Jamie: No, he went to Valentin first. He didn’t check on Sean until later.
Erik: Then I went to see Popi.
Me: Yeah, Popi (my dad, Erik’s grandfather) told me you visited him, sat down in his lap and laid your head on his chest. That kind of freaked him out, because he’s a total atheist. He doesn’t believe in life after death at all.
Erik: Yeah, and it was sort alike going to the house next door.
Me: Wait, are you talking about my dad, Popi, or Pappa’s father in Norway?
Erik: Your dad. Popi.
Me: Well, I have to tell you, Erik, it really startled my dad. He called and said he was in shock and that he didn’t know what to think. I’m glad, because he’s almost 90 so…
Erik and Jamie laugh.
Erik: Then, I went to Norway to see Bestefar. Chilled with him a while.
Me: Okay, so then what?
Erik: Well, there was this really bright light that I didn’t really feel I could look at, cuz I’ve always been taught not to look at the sun since it might burn your eyes, you know?
Me: Yeah, sure.
Erik: But it didn’t burn at all. No tunnel, no upward and away motion. I was actually a little disappointed in that! (laughing) You know how when you come out of a movie theater after sitting in the dark and you come out into the bright-lit lobby? It takes a while to get use to it, to adjust. Your eyes adjust, and you begin to see you’re not alone.
Me: Uh huh.
Erik: And the odd thing is, I can’t tell you if I was inside or outside. It’s like I was just in a space.

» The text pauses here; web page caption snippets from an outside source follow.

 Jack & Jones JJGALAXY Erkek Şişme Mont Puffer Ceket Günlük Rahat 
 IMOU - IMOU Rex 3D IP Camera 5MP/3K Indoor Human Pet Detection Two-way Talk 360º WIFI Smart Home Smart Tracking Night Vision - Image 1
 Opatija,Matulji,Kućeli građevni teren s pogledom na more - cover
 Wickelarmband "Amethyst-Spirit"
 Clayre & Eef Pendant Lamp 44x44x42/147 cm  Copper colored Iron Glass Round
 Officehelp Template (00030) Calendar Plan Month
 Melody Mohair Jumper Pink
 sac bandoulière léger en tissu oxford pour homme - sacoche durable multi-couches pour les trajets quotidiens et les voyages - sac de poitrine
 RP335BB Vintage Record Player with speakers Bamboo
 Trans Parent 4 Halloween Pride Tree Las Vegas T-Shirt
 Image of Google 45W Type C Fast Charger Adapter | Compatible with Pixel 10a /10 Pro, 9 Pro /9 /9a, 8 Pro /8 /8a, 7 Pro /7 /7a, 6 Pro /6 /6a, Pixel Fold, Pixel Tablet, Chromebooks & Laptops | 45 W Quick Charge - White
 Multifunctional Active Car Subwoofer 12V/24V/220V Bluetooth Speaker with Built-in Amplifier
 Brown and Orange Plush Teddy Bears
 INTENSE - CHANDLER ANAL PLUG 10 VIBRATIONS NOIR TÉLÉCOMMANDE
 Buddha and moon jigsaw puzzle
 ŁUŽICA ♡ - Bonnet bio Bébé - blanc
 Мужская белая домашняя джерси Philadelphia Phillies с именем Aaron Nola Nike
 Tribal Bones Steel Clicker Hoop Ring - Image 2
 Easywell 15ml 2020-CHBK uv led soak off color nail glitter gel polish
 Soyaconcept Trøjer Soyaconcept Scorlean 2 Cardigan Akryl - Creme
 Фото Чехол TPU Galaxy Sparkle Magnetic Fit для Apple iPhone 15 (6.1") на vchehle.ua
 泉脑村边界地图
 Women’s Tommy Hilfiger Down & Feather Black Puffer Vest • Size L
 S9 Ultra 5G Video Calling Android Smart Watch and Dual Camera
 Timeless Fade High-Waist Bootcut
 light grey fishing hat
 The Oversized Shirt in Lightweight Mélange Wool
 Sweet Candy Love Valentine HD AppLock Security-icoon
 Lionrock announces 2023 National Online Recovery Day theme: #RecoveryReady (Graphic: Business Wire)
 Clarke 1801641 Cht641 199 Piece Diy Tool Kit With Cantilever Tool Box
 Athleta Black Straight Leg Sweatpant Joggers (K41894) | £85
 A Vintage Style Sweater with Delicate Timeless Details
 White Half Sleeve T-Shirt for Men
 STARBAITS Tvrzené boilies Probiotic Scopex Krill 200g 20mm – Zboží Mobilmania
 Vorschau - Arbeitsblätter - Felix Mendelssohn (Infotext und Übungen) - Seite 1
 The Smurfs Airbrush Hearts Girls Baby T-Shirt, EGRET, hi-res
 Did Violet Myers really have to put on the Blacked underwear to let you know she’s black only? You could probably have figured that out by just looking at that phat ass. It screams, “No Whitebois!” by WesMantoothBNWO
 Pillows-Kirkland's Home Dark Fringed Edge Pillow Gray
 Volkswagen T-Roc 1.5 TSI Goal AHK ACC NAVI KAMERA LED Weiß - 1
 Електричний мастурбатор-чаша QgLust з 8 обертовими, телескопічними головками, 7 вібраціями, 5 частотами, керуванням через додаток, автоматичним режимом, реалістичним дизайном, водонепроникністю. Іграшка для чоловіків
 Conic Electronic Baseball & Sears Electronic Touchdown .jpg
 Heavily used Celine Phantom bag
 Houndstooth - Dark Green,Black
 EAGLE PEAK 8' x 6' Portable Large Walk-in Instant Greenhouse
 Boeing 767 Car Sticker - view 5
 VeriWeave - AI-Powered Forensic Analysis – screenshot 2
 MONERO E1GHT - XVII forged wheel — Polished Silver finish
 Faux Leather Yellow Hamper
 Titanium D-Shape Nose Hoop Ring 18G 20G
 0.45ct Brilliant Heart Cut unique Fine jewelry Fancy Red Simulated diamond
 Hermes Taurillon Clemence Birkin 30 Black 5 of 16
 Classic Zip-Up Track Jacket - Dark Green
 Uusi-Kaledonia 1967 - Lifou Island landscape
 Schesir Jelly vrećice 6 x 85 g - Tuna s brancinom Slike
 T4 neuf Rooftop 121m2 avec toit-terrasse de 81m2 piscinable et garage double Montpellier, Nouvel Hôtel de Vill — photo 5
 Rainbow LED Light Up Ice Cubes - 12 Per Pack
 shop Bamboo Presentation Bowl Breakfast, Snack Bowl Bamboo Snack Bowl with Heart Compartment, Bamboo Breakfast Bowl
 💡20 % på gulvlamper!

Me; How did you get to the Light from Norway? Were you pulled there?
Erik: It’s weird. It’s like I just walked a few steps and got there. I just walked in the direction that I felt the pull was taking me. Let’s go back to the life jacket idea. It’s like I was being pulled and pulled toward and then into the boat, but while I was being pulled, I made those visits. I do all this stuff, and finally, by the time I’m done, I’m getting closer to the boat, and they pull me a few feet up into the Light and into the ALTERNATE DIMENSION. (He says this like Rod Serling would say “TWILIGHT ZONE” with an eerie and mysterious tone.)
Jamie: He’s laughing hard!
Jamie and I laugh.
Me (laughing): Making a joke about it, huh?
Erik: Of course that’s not what we call it when we’re here. You don’t even know what to call it! You just know you’re in the right place. That’s the only thing that matters, You know you’re in the right place. I knew I didn’t do anything wrong, that I was just in the right place.
Me: Good. So who did you see over there?
Erik: I remember seeing Aunt Denise first.
Me: Yeah, that’s what you said through Kim. So, uh, how did that conversation go?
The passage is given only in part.